A stalwart of the city’s high-end dining scene, Toqué! continues to impress with the artistic cuisine of chef Normand Laprise, named chef of the year in 2012 by Maclean’s and author of a recently released cookbook named after the restaurant and published in both French and English. Come for the tasting menu or order off the menu to sample dishes such as a foie gras terrine with orange blossom brioche bread, clementine marmalade, argan oil and hazelnuts ($25) or a rack of suckling pig with pearl onions, farfalle pasta, garlic purée and anise sauce ($48).

(Photo courtesy of sygyzy/Flickr)

6 / 10

6. Canoe, Toronto

Even if it weren’t for the food, you’d want to come here for the view from the 54th floor of Toronto’s TD bank tower. Luckily, you don’t have to choose – Canoe is known as one of the city’s top restaurants. To best experience the work of chefs Anthony Walsh and John Horne, order the seven-course tasting menu ($100 or $150 with wine pairings), where dishes might include a braised Alberta lamb shank with preserved ratatouille and Guelph heirloom beans or P.E.I. halibut topped with juniper berries and gin custard.

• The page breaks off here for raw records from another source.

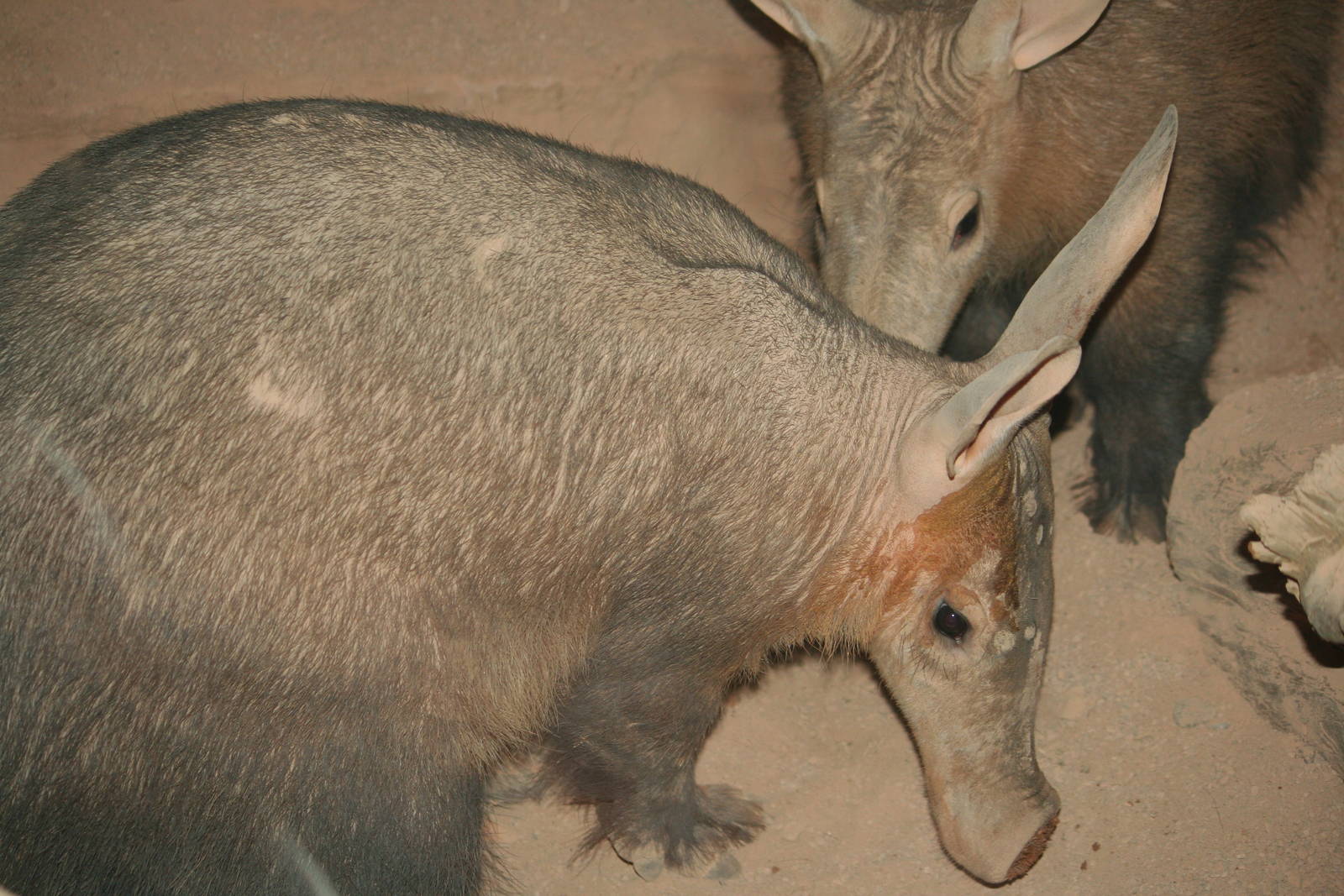 Aardvarks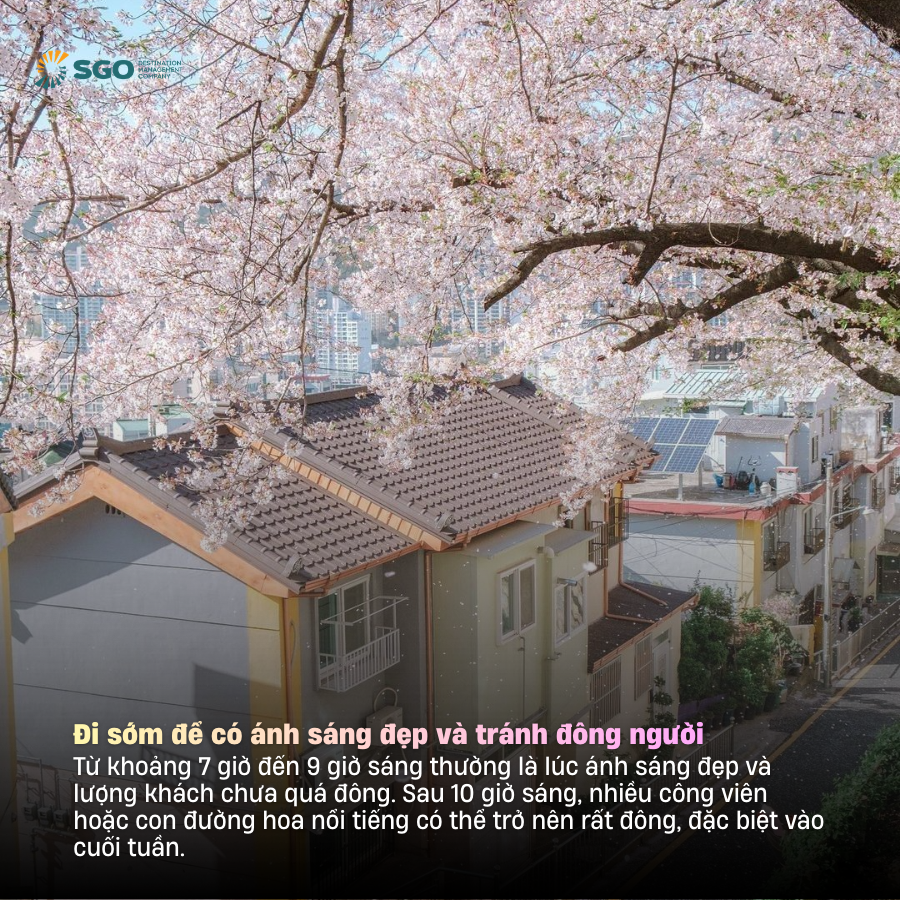 6 tips quan trong cho chuyến săn hoa anh đào châu Á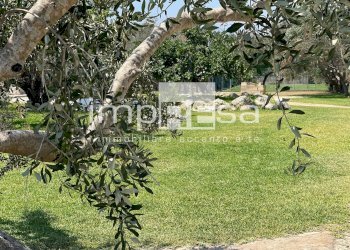 Foto 6 - Terreno agricolo Carovigno - foto 6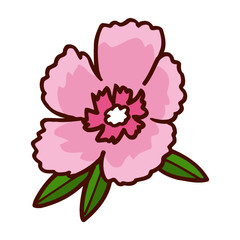 Colorful flower isolated on the white background for child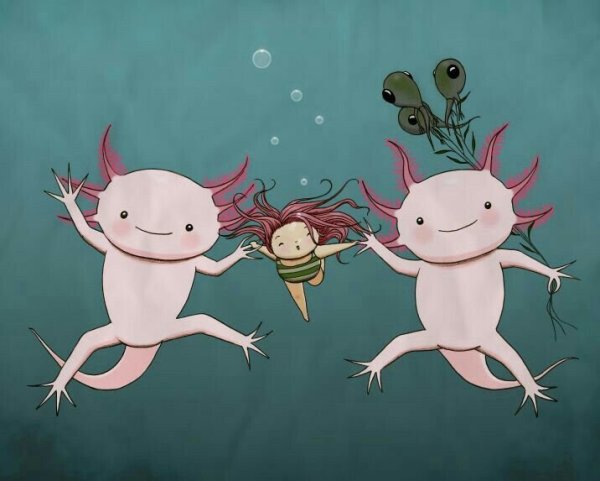 Аксолотль референсы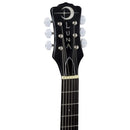 Luna BGB CEL 6 Celtic 6-String Banjo (Tobacco Burst)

(Photo courtesy of Renee S. Suen/Flickr)


7 / 10

7. Raymond’s, St. John’s

The regularly changing menu at this Newfoundland favourite takes its inspiration from the classic dishes of Atlantic Canada while making best use of the region’s produce from land and sea. Choose the five- ($100) or seven-course ($125) tasting menu with optional wine pairings ($55 and $75), or order à la carte, where picks might include freshly shucked East Coast oysters ($3.75 each, $42/dozen) or pan-roasted Arctic char with lobster, mussel, B.C. spot prawn and roasted polenta ($45).

(Photo courtesy of Raymond’s)

8 / 10

8. Eigensinn Farm, Singhampton, Ont.

A dining experience unlike any other, a visit to chef Michael Stadtländer’s rural restaurant involves a two-and-a-half-hour drive from Toronto and eight courses for $300, not including wine pairings – but if you ask reviewers, they’ll all say it’s worth it. Not so much farm-to-table dining as table-to-farm, the menu here makes best use of Ontario’s rich agricultural resources to create a set of seasonal dishes that are more than worth the trip.

(Photo courtesy of Valerie Howes)

9 / 10

9. Le Club Chasse et Peche, Montreal

A classic pick in Montreal fine dining, the “hunting and fishing club,” as the name translates, serves “Eclectic-Québécois fare” by chef Claude Pelletier. Recent weekly menu items have included oysters “with personality”; lamb with roasted grapes, cumin, pistachio and goat cheese ($38); and roasted duck with squash, beets, blood orange and spelt ($34). In summer, come for lunch to enjoy it on the terrace.

(Photo courtesy of Renee S. Suen/Flickr)

10 / 10

10. Teatro, Calgary

Ranked Calgary’s top restaurant for 2013 by city magazine Avenue, Teatro is right on trend with its efforts to source local ingredients as much as possible, even naming the farms they come from: Alberta beef from Northridge Farm, for instance, and goat cheese and yogurt from Fairwinds Farm. Bread is baked daily in-house, and the menu by executive chef John Michael MacNeill might include an appetizer of house-made charcuterie with mustard ($30) or a main of sous-vide quail with fois gras juice ($36). Order the eight-course chef’s tasting menu for $125 per person, with a $75 or $100 premium for wine pairings.